* DATA PROVIDED:
▼

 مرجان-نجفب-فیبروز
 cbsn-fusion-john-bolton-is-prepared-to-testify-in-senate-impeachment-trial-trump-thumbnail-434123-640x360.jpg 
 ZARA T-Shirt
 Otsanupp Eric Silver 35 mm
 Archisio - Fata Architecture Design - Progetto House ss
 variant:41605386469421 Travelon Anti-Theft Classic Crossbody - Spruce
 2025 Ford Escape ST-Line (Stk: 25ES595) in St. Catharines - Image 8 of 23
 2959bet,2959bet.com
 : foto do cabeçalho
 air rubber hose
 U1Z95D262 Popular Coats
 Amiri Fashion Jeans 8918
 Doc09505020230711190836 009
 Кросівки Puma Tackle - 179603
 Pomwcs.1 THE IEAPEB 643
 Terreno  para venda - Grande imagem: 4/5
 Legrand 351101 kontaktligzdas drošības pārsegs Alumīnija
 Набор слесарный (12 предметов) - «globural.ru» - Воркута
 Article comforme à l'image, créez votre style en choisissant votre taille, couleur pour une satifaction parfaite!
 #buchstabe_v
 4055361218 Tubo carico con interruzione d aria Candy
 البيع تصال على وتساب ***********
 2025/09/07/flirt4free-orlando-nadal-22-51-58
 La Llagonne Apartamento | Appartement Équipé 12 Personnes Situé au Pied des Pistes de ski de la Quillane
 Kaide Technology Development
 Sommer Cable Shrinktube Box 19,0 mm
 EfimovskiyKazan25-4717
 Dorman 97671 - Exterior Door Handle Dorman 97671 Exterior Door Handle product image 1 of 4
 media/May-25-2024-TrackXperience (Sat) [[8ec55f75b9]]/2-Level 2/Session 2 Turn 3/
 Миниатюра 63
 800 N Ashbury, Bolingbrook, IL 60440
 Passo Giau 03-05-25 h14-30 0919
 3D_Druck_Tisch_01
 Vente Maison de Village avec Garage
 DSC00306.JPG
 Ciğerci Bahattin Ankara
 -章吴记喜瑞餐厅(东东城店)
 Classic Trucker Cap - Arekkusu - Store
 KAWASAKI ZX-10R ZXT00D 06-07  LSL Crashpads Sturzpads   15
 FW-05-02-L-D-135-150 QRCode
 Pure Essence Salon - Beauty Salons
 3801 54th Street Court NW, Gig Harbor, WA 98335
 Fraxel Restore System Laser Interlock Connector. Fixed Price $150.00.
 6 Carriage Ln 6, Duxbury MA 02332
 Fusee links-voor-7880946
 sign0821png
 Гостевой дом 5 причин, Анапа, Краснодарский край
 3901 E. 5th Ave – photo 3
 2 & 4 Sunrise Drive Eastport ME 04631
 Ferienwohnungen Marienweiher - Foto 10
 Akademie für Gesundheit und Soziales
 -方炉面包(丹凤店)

▲

* YOUR OBJECTIVE: Starting from the line containing "Fusee links-voor-7880946" and ending with the final line of the data, reproduce each line exactly as it appears, including no other lines.

* ANSWER SECTION:
 Fusee links-voor-7880946
 sign0821png
 Гостевой дом 5 причин, Анапа, Краснодарский край
 3901 E. 5th Ave – photo 3
 2 & 4 Sunrise Drive Eastport ME 04631
 Ferienwohnungen Marienweiher - Foto 10
 Akademie für Gesundheit und Soziales
 -方炉面包(丹凤店)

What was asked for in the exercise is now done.